▶ _Problem statement_:
The entries that follow should be repeated exactly, with no pictures kept.

▶ _The data_:
——

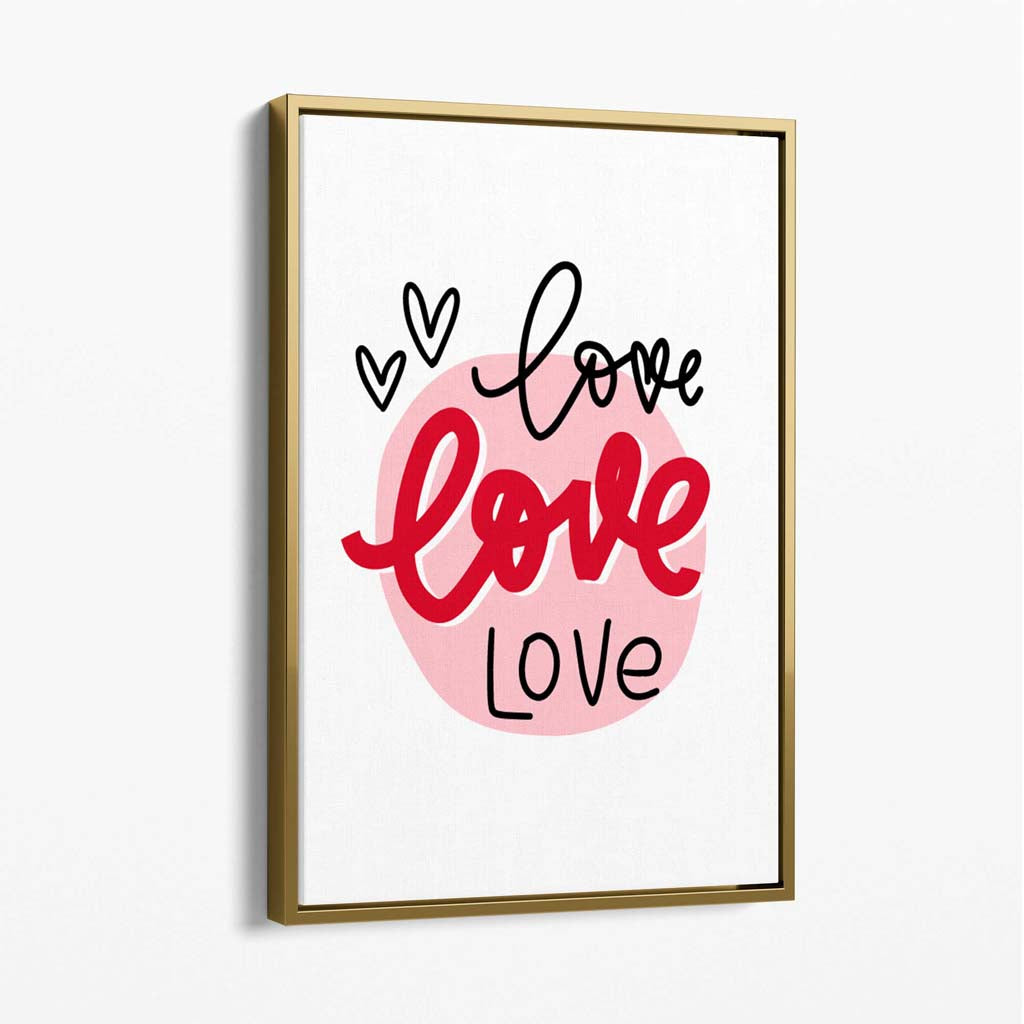 Circle of Love Gallery-Wrapped Canvas Print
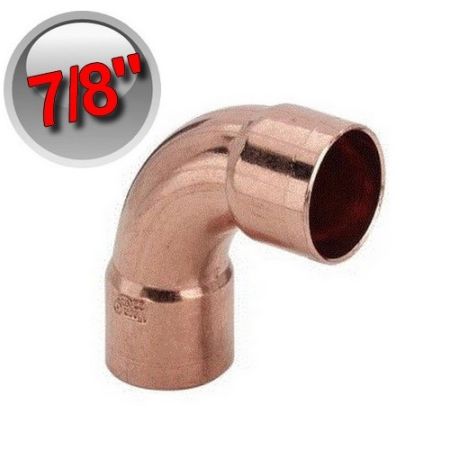 Curva 90° FF rame a saldare 7/8'' - 22,22 mm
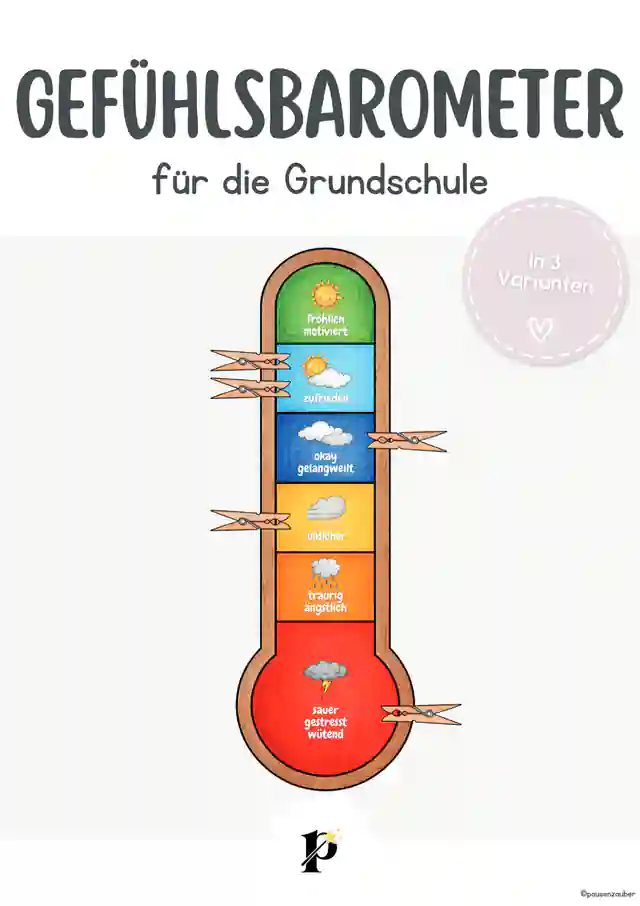 Gefühlsbarometer für die Grundschule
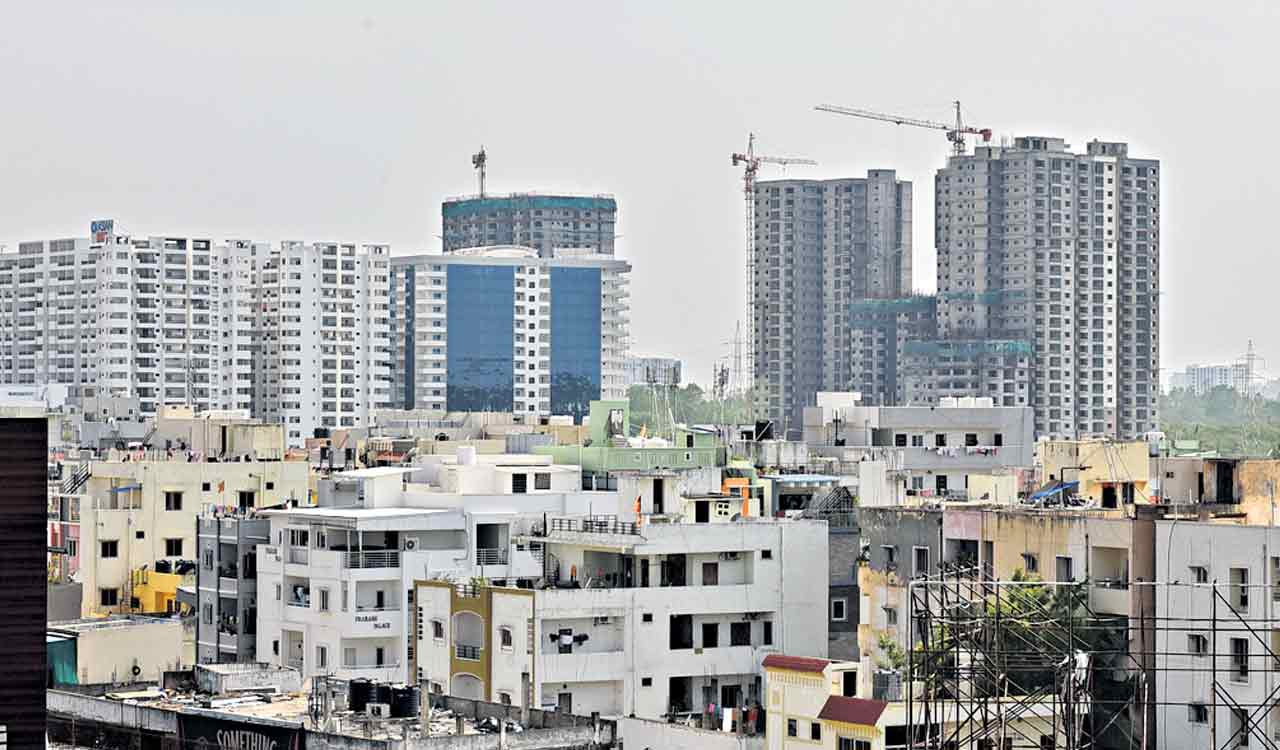 Hyderabad real estate sees stable registrations and surge in high-value homes-Telangana Today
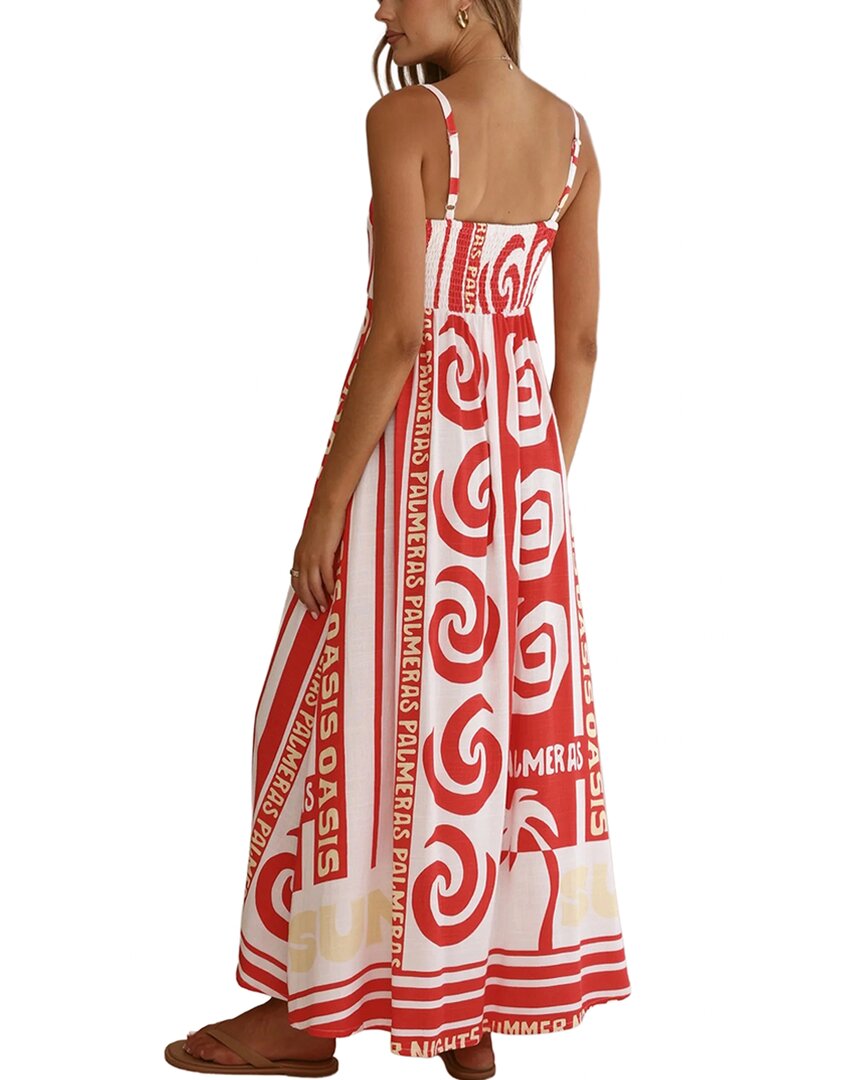 Oloey Printed Maxi Dress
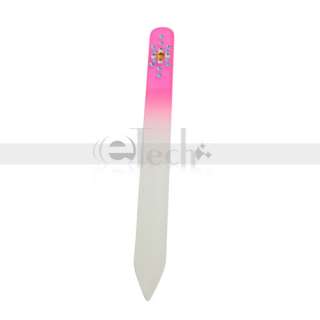 NEW Acrylic Crystal Glass Nail File Files Durable 17  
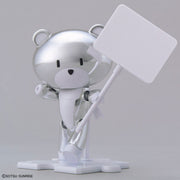HG The Gundam Base Limited Petit'Gguy Silver Sparkle & Placard 1/144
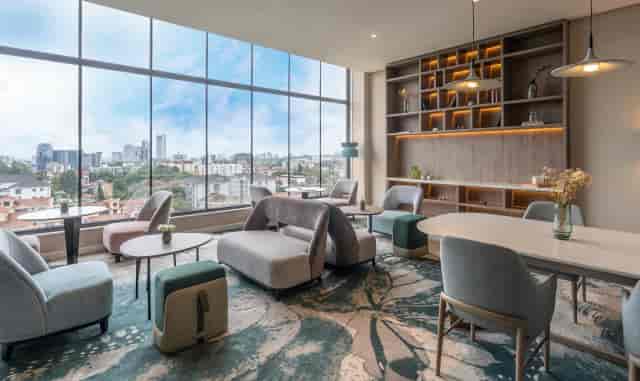 Contemporary meeting space at Dusit Princess Hotel, Nairobi with city views for events.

——

▶ _Exercise solution_:
 Circle of Love Gallery-Wrapped Canvas Print
 Curva 90° FF rame a saldare 7/8'' - 22,22 mm
 Gefühlsbarometer für die Grundschule
 Hyderabad real estate sees stable registrations and surge in high-value homes-Telangana Today
 Oloey Printed Maxi Dress
 NEW Acrylic Crystal Glass Nail File Files Durable 17  
HG The Gundam Base Limited Petit'Gguy Silver Sparkle & Placard 1/144
 Contemporary meeting space at Dusit Princess Hotel, Nairobi with city views for events.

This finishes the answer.